第14話『猫カフェ』

 お昼ご飯を食べ、喫茶ラブソティーを後にした俺達は、花宮駅の周りを散策する。午前中に花宮駅に到着したときにも思ったけど、ここって伯分寺以上に都会な場所だと思う。

 散策した後は電車に乗って伯分寺駅に戻る。そのことで落ち着いた気持ちになれて。きっと、それは伯分寺というこの街に慣れてきた証拠なのだろう。


「伯分寺に戻ってきたね」

「ええ。花宮も良かったですが、伯分寺のこの雰囲気が好きです。今は……午後3時過ぎですか。もう少しどこかで遊んでも良さそうですね」

「そうだね。……あっ、由弦君にオススメしたい場所が近くにあるよ。これまでに何度か瑠衣ちゃんと一緒に行ったことがあるの」

「そうなんですか」


 花柳先輩の名前が出ると少し不安になるな。ただ、美優先輩が楽しそうに話すから、変な場所ではないだろう。


「では、そこに行ってみましょう。どんなところか楽しみです」

「うんっ!」


 俺は美優先輩と一緒に、先輩のオススメしたい場所に向かう。いったい、どんなところなんだろう? 気になるけど、近くにあるとのことなので敢えて訊かないでおくか。

 花宮も良かったけど、伯分寺の街を美優先輩と一緒に歩くのはやっぱりいいな。


「何だか、花宮にいたとき以上にいい表情になってるね」

「段々とこの伯分寺という場所が慣れてきたからだと思います。伯分寺に戻ってきて、駅を出たときの風景を見たら何だか安心したんです。帰ってきたなぁって。もちろん、花宮で美優先輩といた時間はとても楽しかったですよ」

「ふふっ、花宮にいたときの楽しい気持ちも分かってるよ。特に散歩をしているときに、目を輝かせて周りの景色を見ていたもんね。ただ、伯分寺に戻ってきたら安心したって言ってくれて嬉しいな」

「伯分寺は俺達が一緒に住んでいるところですからね。引っ越してきておよそ1ヶ月ですけど、美優先輩達のおかげで伯分寺での思い出ができましたから。ただ、たくさんできたのは美優先輩と一緒に住んでいるからでしょうね」

「……そうだね。
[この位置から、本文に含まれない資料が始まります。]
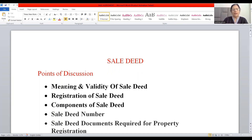Hello friends, very warm welcome to my Business Laws channel. I have developed 70 videos regarding this business laws paper.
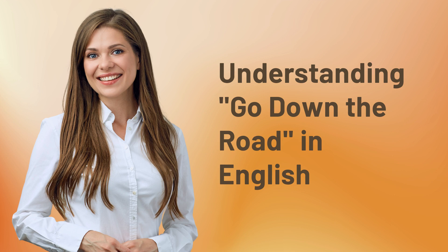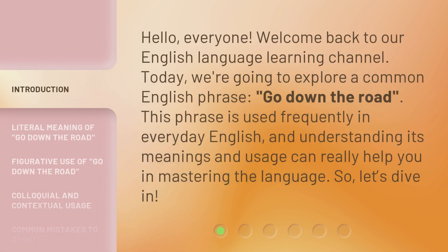Understanding 'Go Down the Road' in English. Hello everyone, welcome back to our English Language Learning Channel. Today, we're going to explore a common English phrase, 'Go Down the Road.' This phrase is used frequently in everyday English, and understanding its meanings and usage can really help you in mastering the language. So, let's dive in.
周りに人がいる中でそんなことを言われると照れちゃうけど、普段と変わりない様子で言える由弦君は凄いよ。由弦君のそういうところも……好きだよ」


 美優先輩は今日の中でも指折りの可愛い笑みを浮かべ、俺の腕をぎゅっと抱きしめてきた。今日のデートの中で、もしかしたら今が一番ドキドキしているかもしれない。また一つ、伯分寺での思い出ができた。


「由弦君、ここだよ」


 駅の出口から歩き始めて数分ほど。

 美優先輩が指さす先にあったのは、黒い猫のシルエットと『はくぶんじ猫かふぇ』と描かれた桃色の看板。とても柔らかい印象を受ける。


「看板にも描かれていますけど、猫カフェですか」

「うん! サブちゃんが初めて来たときに猫が好きだって言っていたから、いつかはここに連れてきたいなって思っていたの。そんな私も、去年の今くらいの時期に学校で瑠衣ちゃんに猫が好きだって話したのをきっかけに、ここに連れてきてもらったんだ。可愛い猫ちゃんと触れ合えて、癒しの時間を過ごすことができるんだよ」

「そうなんですか。実は猫カフェは以前から興味があったんですよね。ただ、実家の近くにはなかったので、一度も行ったことがなくて」

「そうだったんだ。じゃあ、今日が猫カフェ初体験だね。さっそく行ってみようか」

「はい」


 はくぶんじ猫かふぇの中に入ると、さっそく猫の鳴き声が聞こえてくる。奥の方をチラッと見ると、お客さんに撫でられて気持ち良さそうにしている白猫や、絨毯の上でマイペースにゴロンゴロンしている茶トラ猫もいる。


「由弦君、30分と60分、どっちにする?」

「60分にしましょう。可愛い猫がたくさんいますし、ここなら癒されそうです」

「ふふっ、即答だね。分かった、60分にしよう」


 俺達は60分の入室料を払い、お店の奥に入っていく。猫と触れ合って癒しの60分を過ごすことにしよう。


「にゃー、にゃー。あなたはとてもかわいいにゃあ」


 私服姿の霧嶋先生が四つん這いになって、腰をゆっくりと振りながら目の前にいる黒猫に話しかけていた。しかも、甘い声で。スカートではなくパンツルックだからか、その姿に艶やかさを感じる。まさか、ここで担任の先生で出会うとは思わなかったな。


「にゃおん」


 霧嶋先生の右手に黒猫がすりすりしてくる。そのことに霧嶋先生はご満悦のようで。黒猫の頭を優しく撫でている。


「あぁ、かわいい~」

「可愛いのは猫ちゃんだけじゃないよね、由弦君」

「えっ! 今の声って……きゃあっ!」


 ようやく俺達に気付いた霧嶋先生は、驚いた様子でこちらを見てくる。そして、俺と目が合った途端に顔が真っ赤になった。


「桐生君、それに白鳥さん……」

「こんにちは、霧嶋先生。ええと……以前から思っていますけど、猫と戯れているときの霧嶋先生って可愛いですよ」

「……ううっ」


 霧嶋先生の顔は更に赤くなり、両手で覆ってしまう。美優先輩は優しい笑みを浮かべながら先生の頭を撫でている。


「今のような一佳先生も素敵ですよ」

「……そ、そう。こんな姿を見られたのがあなた達で良かったわ」


 霧嶋先生は近寄ってきた黒猫を抱き上げて、近くにあるソファーに座る。黒猫は先生の膝の上で箱座りをして気持ち良さそうにしている。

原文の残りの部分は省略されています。